Outlaw
Rudolph Eliott Lockhart catches up with Nick Love’s new crime film
Clearly there is something afoot in the West Country. Hot on the trail of Hot Fuzz comes Outlaw, another film featuring bent coppers, dodgy criminals, plenty of guns and a Gloucestershire setting, although any similarities end here. Outlaw is definitely not played for laughs.
Writer-director Nick Love’s film follows the story of five men brought together by the feeling that the law has let them down. Along with the police officer who decides to help them, they mete out summary justice vigilante style.
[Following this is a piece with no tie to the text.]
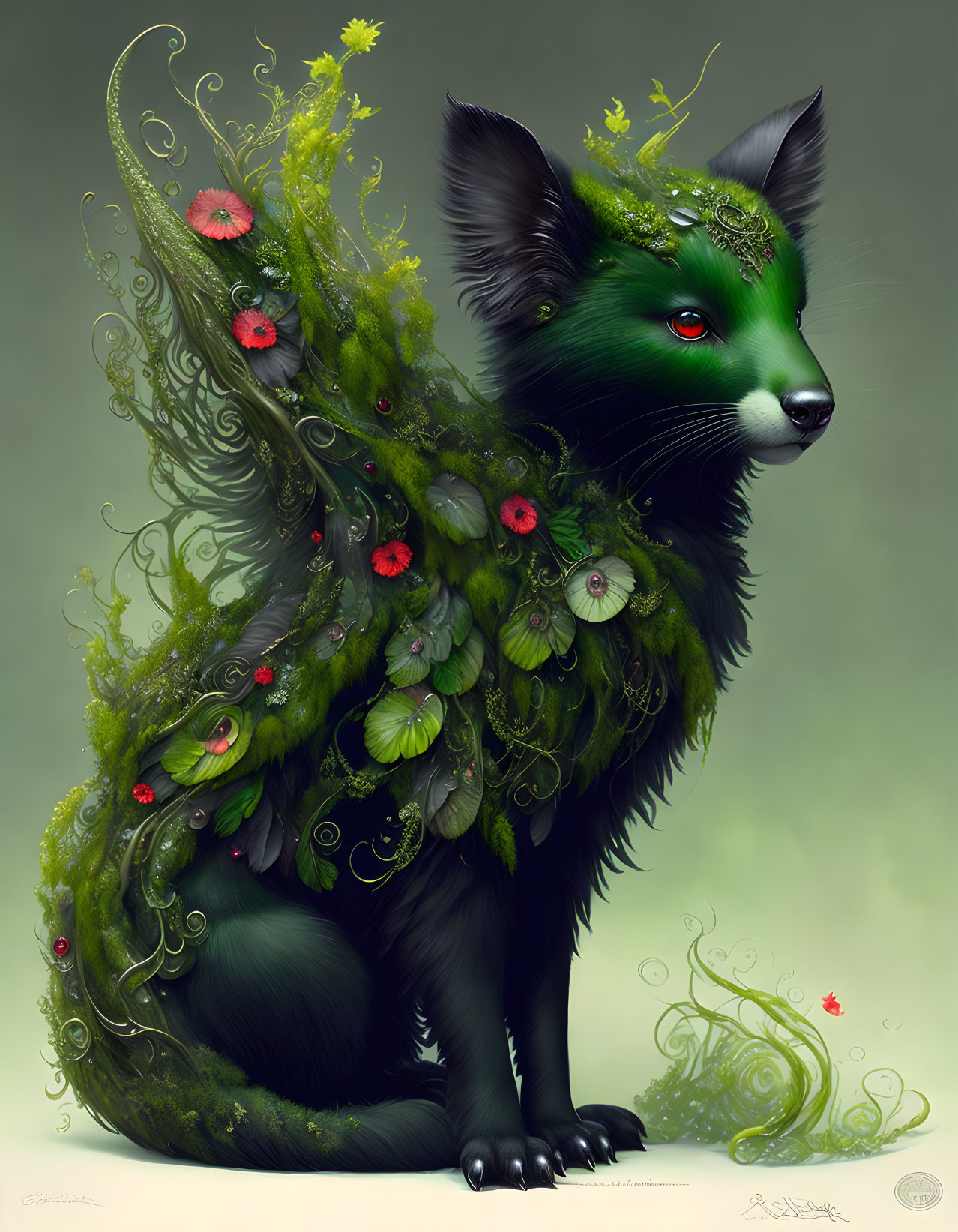 Mystical black fox surrounded by green foliage and flowers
It’s a film full of angry men fed up with a society where no one is safe, who reach for their baseball bats and guns to, er, put a stop to all the violence.
It’s a film full of angry men fed up with a society where no one is safe, who reach for their baseball bats and guns to, er, put a stop to all the violence
Love himself is angry, although fortunately he’s picked up a film camera instead of a weapon. There is a political core to the film with an implicit attack on the government for being more interested in public image than delivering actual change and making people feel safer on the streets. The suggestion is that the only people who have any real freedom are the criminals, especially when the legal system is perverted by crooked policemen and the victims of crime end up in a worse state than the perpetrators.
It all sounds a little like a Richard Littlejohn wet dream: the idea of avenging angels, fighting crime in the face of liberal judges who might try to rehabilitate them with namby-pamby community service orders. But the film does sound a slight cautionary note as most of the Outlaws come to sticky ends.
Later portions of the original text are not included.